A cela il faut ajouter un manque de coordination et de prévision, a-t-il
estimé. « Au départ la boîte de quatre préservatifs coûtaient 50 francs CFA,
et les distributeurs de l’époque étaient [adaptés à des pièces de cette
taille]. Aujourd’hui, avec le changement du label ‘Prudence’ en ‘Prudence
Plus’ de PSI-Bénin, ce n’est plus à 50 mais à 100 francs CFA », a noté M.
Métahou.
« Ce changement de coût a beaucoup joué sur les choses, puisqu’on s’est
trouvé dans l’incapacité d’utiliser les anciens distributeurs ».
Pourtant, l’abandon de ces distributeurs automatiques serait une mauvaise
nouvelle pour la lutte contre le sida, ont estimé plusieurs acteurs. « [Le
distributeur] a l’avantage de renforcer l’accessibilité et la disponibilité
du produit. Les gens vont facilement vers le produit, ça motive à
l’utilisation et ça renforce la discrétion », a noté M. Houssou de
PSI-Bénin.
Espoir malgré tout
L’arrêt de mort des distributeurs n’a cependant pas encore été signé, comme
le montrent différentes initiatives.
Après la phase de découragement, OSV-Jordan a annoncé reprendre son bâton de
pèlerin et renégocier avec le FNUAP en vue de relancer l’expérience des
distributeurs automatiques, en tirant les leçons des erreurs du passé.
Le Projet Corridor, un projet régional de lutte contre le sida le long des
axes migratoires entre Abidjan (Côte d’Ivoire) et Lagos (Nigeria), a
également fait installer des distributeurs dans les localités frontalières.
Les machines y fonctionnent sans discontinuer, a constaté IRIN/PlusNews.
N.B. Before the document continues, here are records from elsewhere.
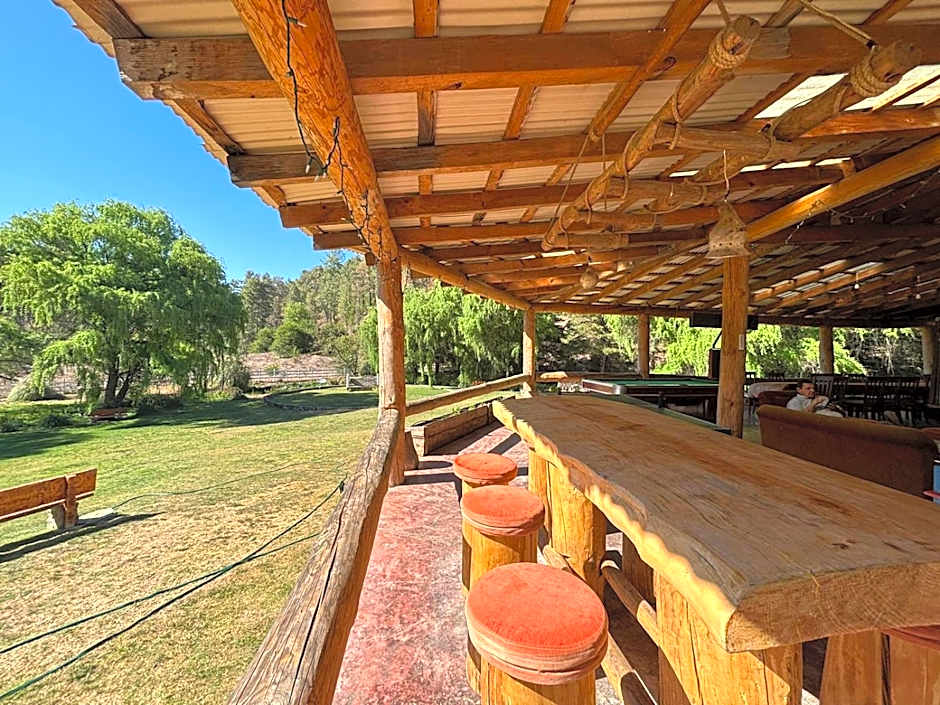 Relajante Cabana Con Vistas Impresionantes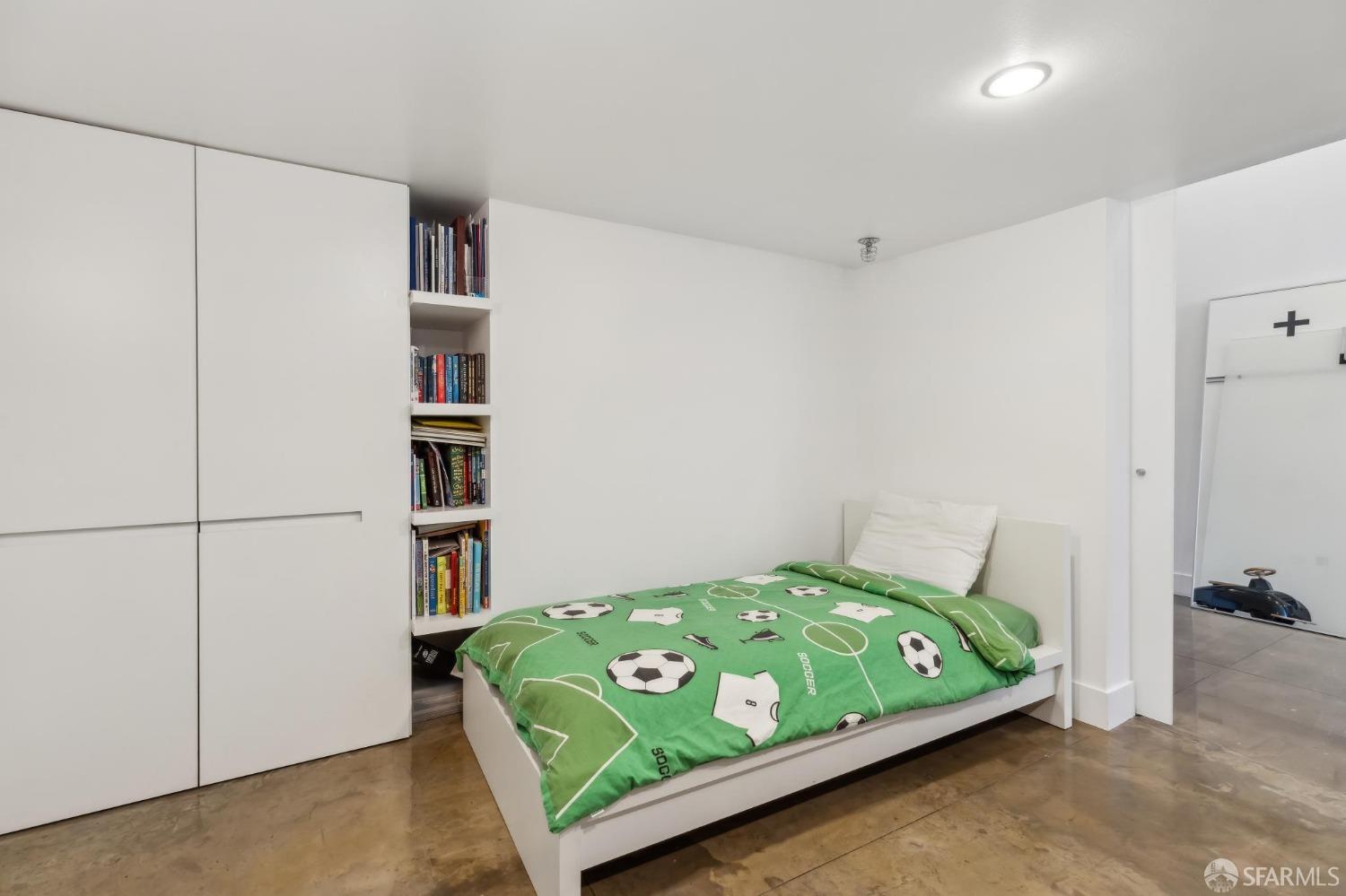 461 2nd Street # 558T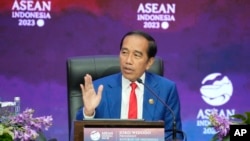 Indonesian President Joko Widodo gestures as he speaks to the media during a press conference at the end of the Association of Southeast Asian Nations (ASEAN) Summit in Jakarta, Indonesia, Sept. 7, 2023.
Des projets similaires sont également en cours au ministère de l'Eau et dans
13 mairies du nord du Bénin, dans le cadre d’un projet transversal de
prévention appuyé par la coopération allemande et mis en œuvre par
PSI-Bénin.
Des initiatives nécessaires, selon plusieurs acteurs de la lutte contre le
sida, qui estiment qu’il faut relancer l’intérêt des populations pour ce
moyen de prévention de l’infection au VIH, l’utilisation du préservatif
semblant connaître une tendance à la baisse ces dernières années.
En 2007, 8,2 millions de préservatifs ont été vendus, contre 10 millions en
2004, selon PSI-Bénin, un désintérêt qui a accompagné la baisse du taux de
prévalence du VIH au Bénin –autour de deux pour cent aujourd’hui- et qui
pourrait en partie y être lié, les populations relâchant leur vigilance.